Relative Motion of Two Cars: Constant Speed vs Uniform Acceleration

We have two cars starting from the same point at the same initial time:

• Car A moves with constant speed $v_A = 20\,\text{m/s}$.
• Car B starts from rest ($u_B = 0$) and moves with constant acceleration $a_B = 4\,\text{m/s}^2$.

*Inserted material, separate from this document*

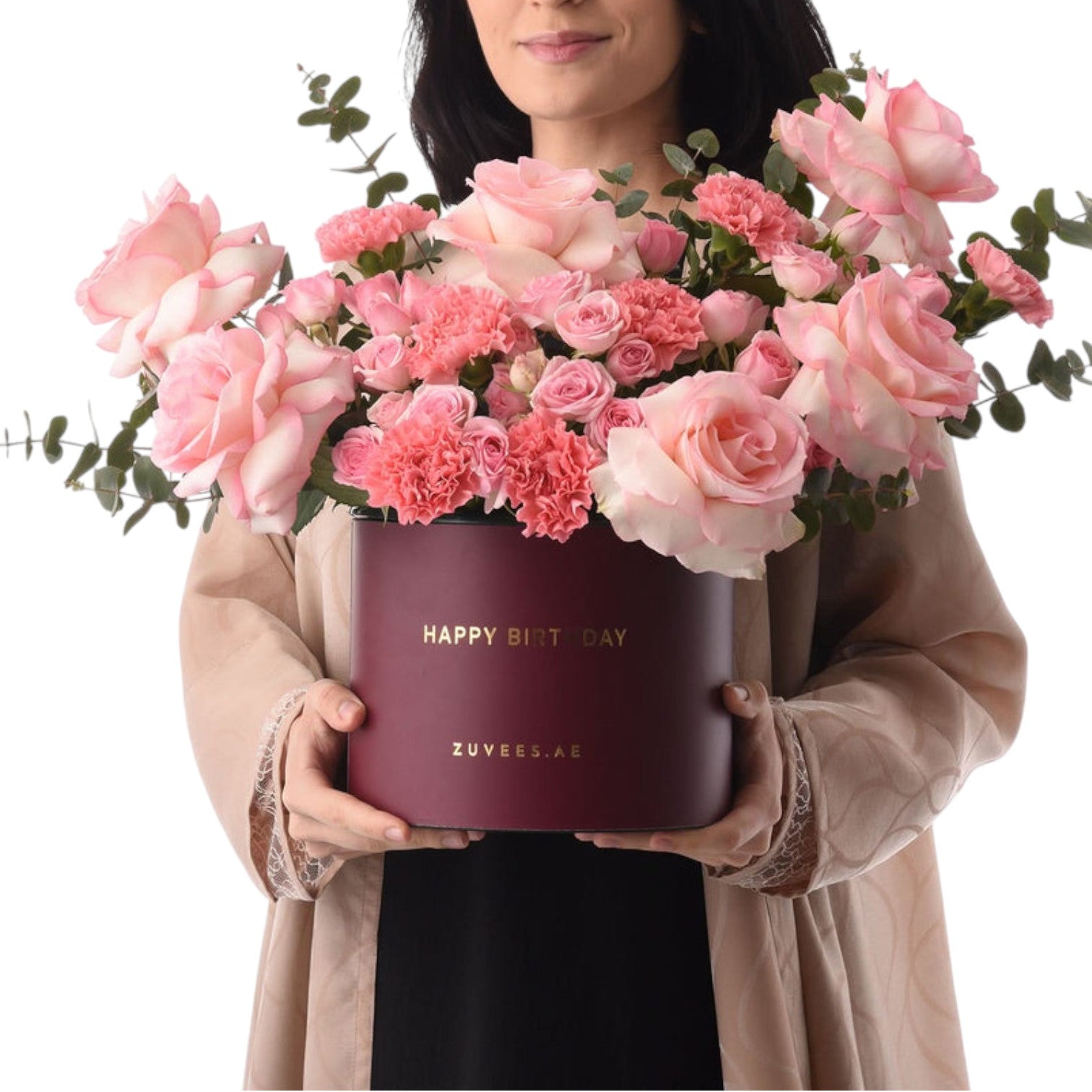 Elegant burgundy box holds lush pink roses and carnations for birthday celebration.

We can describe their positions as functions of time $t$:

1. Position functions

Take the starting point as $x = 0$ at time $t = 0$.

Car A (constant velocity)

For constant speed $v_A$, the position is

$$x_A(t) = v_A t.$$

With $v_A = 20\,\text{m/s}$:

$$x_A(t) = 20 t.$$

Car B (uniform acceleration)

For motion with constant acceleration $a_B$, starting from rest ($u_B = 0$), the position is

$$x_B(t) = u_B t + \tfrac12 a_B t^2 = 0 \cdot t + \tfrac12 a_B t^2 = \tfrac12 a_B t^2.$$

With $a_B = 4\,\text{m/s}^2$:

$$x_B(t) = \tfrac12 (4) t^2 = 2 t^2.$$

So:

• Car A: $x_A(t) = 20 t$
• Car B: $x_B(t) = 2 t^2$

2. When does Car B catch up with Car A?

Car B catches up when they have the same position at the same time:

$$x_A(t) = x_B(t).$$

Substitute the formulas:

$$20 t = 2 t^2.$$

Bring all terms to one side:

$$2 t^2 - 20 t = 0.$$

Factor:

$$2 t (t - 10) = 0.$$

So the solutions are:

$$t = 0 \quad \text{or} \quad t = 10\,\text{s}.$$

• $t = 0$ is the initial moment when both are at the start point.
• The non-trivial solution is:

$$t = 10\,\text{s}.$$

3. Position at the catch-up time

Use either $x_A(t)$ or $x_B(t)$ at $t = 10\,\text{s}$.

Using Car A:

$$x_A(10) = 20 \cdot 10 = 200\,\text{m}.$$

Using Car B:

$$x_B(10) = 2 (10)^2 = 2 \cdot 100 = 200\,\text{m}.$$

They agree, so at $t = 10\,\text{s}$ both cars are 200 m from the starting point.

4. Velocities at the catch-up time

Car A has constant speed $v_A = 20\,\text{m/s}$ at all times.

Car B has acceleration $a_B = 4\,\text{m/s}^2$ starting from rest, so its velocity at time $t$ is

$$v_B(t) = u_B + a_B t = 0 + 4 t = 4 t.$$

At $t = 10\,\text{s}$:

$$v_B(10) = 4 \cdot 10 = 40\,\text{m/s}.$$

So when Car B catches Car A:

• Position: $x = 200\,\text{m}$
• Time: $t = 10\,\text{s}$
• Speeds: $v_A = 20\,\text{m/s}$, $v_B = 40\,\text{m/s}$

5. What the visualization shows

This interactive visualization displays:

• The space–time graph of both cars (position vs. time) in a Cartesian-like plane.
  • Car A: a straight line (constant speed).
  • Car B: an upward-curving parabola (increasing speed under constant acceleration).
• A time cursor moves along the time axis, controlled either by animation or by a time slider.
• At the current time:
  • You see moving dots representing the current positions of Car A and Car B.
  • A vertical guide line shows the current time $t$.
  • The distance between the cars is visualized along the position axis.
• You can adjust:
  • Car A’s speed $v_A$
  • Car B’s acceleration $a_B$
  • The time window displayed, and immediately see how the catch-up time and meeting point change.

Mathematically, the meeting time for general parameters $v_A$ and $a_B$ (with Car B starting from rest at the same point) satisfies

$$v_A t = \tfrac12 a_B t^2 \quad \Rightarrow \quad t = 0 \quad \text{or} \quad t = \frac{2 v_A}{a_B}.$$

The visualization highlights this interaction dynamically.